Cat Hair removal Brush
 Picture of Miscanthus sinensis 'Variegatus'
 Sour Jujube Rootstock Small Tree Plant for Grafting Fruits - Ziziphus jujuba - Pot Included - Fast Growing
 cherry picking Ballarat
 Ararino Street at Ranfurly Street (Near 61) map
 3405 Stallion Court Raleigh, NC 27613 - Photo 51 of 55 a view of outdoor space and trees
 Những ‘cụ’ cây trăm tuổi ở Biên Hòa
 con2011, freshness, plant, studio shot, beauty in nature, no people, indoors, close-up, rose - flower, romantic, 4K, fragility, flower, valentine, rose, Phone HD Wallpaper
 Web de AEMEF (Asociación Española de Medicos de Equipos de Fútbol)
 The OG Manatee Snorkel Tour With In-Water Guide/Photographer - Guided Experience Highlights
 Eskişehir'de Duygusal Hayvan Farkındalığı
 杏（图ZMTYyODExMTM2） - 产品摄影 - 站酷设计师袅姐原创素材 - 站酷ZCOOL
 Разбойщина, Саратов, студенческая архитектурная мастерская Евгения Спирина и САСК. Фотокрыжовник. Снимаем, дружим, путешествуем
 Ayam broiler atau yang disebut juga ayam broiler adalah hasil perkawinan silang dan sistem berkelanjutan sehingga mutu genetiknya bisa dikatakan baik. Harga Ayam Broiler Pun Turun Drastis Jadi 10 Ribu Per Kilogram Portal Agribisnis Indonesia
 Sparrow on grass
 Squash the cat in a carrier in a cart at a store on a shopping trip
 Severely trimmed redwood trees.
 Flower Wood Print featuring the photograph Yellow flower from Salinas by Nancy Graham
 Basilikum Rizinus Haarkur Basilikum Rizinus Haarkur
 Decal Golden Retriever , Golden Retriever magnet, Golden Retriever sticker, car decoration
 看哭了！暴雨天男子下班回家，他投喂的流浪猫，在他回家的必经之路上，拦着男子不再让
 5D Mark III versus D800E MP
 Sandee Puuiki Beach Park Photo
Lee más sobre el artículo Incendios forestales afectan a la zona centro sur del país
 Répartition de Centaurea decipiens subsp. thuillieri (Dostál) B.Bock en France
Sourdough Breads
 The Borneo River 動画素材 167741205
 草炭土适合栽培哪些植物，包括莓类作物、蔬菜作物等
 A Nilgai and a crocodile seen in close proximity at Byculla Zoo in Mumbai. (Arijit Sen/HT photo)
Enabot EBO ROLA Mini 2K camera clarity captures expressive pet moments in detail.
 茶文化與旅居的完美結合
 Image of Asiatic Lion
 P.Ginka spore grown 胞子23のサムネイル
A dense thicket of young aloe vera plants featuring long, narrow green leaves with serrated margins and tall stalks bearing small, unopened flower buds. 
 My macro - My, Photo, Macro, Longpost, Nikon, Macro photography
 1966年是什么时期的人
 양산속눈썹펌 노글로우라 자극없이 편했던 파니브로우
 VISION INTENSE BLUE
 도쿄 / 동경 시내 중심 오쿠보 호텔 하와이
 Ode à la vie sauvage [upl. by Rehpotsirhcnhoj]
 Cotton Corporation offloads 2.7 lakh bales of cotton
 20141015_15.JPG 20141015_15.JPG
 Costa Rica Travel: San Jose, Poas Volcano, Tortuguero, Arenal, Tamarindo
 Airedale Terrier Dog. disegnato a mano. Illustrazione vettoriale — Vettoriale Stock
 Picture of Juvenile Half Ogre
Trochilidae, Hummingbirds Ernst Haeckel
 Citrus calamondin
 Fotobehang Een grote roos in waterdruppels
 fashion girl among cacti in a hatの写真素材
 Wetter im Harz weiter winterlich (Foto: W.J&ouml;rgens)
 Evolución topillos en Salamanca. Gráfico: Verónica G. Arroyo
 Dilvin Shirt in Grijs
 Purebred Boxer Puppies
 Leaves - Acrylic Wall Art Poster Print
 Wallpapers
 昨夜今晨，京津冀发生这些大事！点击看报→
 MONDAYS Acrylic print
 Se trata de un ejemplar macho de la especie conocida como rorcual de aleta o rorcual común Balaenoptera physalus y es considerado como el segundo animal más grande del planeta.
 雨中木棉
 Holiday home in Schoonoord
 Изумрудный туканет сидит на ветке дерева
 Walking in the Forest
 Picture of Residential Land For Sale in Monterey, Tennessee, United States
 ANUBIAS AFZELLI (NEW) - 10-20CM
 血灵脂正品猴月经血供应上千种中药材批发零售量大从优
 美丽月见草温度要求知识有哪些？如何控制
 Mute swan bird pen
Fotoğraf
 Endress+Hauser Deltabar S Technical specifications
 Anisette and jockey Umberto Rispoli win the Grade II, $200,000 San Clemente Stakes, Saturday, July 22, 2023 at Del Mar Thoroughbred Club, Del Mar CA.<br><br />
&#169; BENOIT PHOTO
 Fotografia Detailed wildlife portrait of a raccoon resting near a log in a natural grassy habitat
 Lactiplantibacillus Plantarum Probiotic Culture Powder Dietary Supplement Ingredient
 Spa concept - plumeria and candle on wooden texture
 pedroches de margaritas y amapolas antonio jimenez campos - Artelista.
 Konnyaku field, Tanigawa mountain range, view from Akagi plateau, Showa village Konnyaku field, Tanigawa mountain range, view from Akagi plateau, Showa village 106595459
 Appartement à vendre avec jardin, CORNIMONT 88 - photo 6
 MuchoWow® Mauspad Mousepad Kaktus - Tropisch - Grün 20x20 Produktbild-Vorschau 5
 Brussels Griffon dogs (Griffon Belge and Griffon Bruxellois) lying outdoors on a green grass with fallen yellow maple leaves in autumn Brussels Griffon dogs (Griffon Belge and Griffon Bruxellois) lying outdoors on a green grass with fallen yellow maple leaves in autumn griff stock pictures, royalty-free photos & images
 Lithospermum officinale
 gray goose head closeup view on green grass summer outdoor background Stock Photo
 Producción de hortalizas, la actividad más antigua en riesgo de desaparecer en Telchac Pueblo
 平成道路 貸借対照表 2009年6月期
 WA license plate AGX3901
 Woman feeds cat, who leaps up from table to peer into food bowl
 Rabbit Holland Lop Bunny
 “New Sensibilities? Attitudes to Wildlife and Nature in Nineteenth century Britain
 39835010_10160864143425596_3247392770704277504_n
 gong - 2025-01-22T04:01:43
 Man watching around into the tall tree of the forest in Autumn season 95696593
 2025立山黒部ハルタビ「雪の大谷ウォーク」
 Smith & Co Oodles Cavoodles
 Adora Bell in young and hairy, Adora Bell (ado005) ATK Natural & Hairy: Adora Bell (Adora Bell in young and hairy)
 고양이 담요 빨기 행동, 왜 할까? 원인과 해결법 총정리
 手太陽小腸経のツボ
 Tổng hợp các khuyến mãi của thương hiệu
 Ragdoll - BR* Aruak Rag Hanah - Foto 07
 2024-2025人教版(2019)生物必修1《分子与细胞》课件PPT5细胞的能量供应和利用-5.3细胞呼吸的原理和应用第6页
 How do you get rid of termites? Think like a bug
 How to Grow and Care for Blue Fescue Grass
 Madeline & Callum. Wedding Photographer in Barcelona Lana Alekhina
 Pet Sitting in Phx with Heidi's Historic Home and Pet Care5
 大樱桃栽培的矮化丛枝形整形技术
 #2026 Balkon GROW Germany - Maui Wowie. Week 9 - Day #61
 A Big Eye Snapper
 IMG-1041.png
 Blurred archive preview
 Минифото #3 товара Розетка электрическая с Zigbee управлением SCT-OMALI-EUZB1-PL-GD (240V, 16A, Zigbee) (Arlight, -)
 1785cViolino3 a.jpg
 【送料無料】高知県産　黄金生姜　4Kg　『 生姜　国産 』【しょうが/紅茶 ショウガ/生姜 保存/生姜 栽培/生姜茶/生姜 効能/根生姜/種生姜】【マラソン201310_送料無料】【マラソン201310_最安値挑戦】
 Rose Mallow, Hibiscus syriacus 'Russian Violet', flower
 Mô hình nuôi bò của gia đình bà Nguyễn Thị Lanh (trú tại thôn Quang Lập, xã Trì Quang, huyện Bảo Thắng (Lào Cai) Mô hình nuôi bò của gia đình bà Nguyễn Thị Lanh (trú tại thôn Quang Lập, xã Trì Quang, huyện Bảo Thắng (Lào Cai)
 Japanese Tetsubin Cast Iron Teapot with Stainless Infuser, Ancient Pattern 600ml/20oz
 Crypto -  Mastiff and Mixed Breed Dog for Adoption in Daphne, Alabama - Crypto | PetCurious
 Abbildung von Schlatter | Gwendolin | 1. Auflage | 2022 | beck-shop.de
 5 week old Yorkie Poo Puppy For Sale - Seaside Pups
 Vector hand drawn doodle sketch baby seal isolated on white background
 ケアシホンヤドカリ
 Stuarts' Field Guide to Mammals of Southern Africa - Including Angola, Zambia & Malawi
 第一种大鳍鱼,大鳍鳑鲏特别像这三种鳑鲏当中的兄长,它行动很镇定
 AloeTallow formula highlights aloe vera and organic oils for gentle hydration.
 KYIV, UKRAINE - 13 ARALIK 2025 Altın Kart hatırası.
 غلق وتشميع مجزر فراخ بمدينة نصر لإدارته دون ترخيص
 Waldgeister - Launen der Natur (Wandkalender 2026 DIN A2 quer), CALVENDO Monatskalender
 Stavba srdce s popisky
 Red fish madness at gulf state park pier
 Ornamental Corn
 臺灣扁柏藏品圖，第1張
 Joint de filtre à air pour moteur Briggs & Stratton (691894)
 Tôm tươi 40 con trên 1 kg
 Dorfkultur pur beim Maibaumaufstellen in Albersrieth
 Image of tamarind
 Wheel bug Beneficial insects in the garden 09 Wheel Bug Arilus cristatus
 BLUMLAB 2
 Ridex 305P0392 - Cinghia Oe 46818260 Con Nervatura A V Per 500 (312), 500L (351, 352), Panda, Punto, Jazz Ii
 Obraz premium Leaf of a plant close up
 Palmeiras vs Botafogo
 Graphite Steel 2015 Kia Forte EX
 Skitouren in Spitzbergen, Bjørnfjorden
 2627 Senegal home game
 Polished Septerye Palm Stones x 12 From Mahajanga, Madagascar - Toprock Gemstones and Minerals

*****

__Description of the task__
In the records above, find the line with "Flower Wood Print"; write out exactly that line and each one after it, stopping after the line with "Lee más sobre".

__Exercise output__
 Flower Wood Print featuring the photograph Yellow flower from Salinas by Nancy Graham
 Basilikum Rizinus Haarkur Basilikum Rizinus Haarkur
 Decal Golden Retriever , Golden Retriever magnet, Golden Retriever sticker, car decoration
 看哭了！暴雨天男子下班回家，他投喂的流浪猫，在他回家的必经之路上，拦着男子不再让
 5D Mark III versus D800E MP
 Sandee Puuiki Beach Park Photo
Lee más sobre el artículo Incendios forestales afectan a la zona centro sur del país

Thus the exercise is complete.